### Directions for this task
Would you please copy all of the data exactly, skipping the images?

### Given data
------------------------------------------------

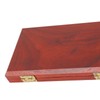 Oboe Reed Case Redwood Storage Box Large Capacity Woodwind Reed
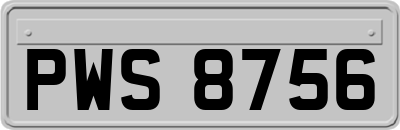 PWS8756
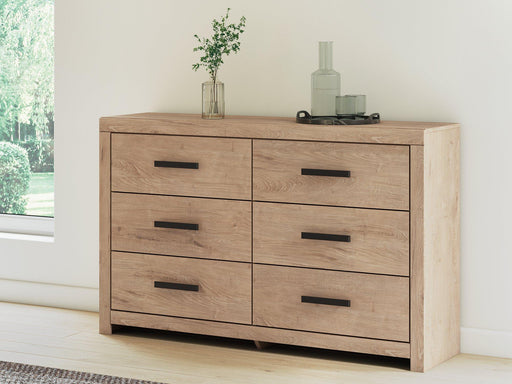 Sanginlane Dresser - Zara Furniture (Kissimmee,FL)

------------------------------------------------

### Exercise output
 Oboe Reed Case Redwood Storage Box Large Capacity Woodwind Reed
 PWS8756
 Sanginlane Dresser - Zara Furniture (Kissimmee,FL)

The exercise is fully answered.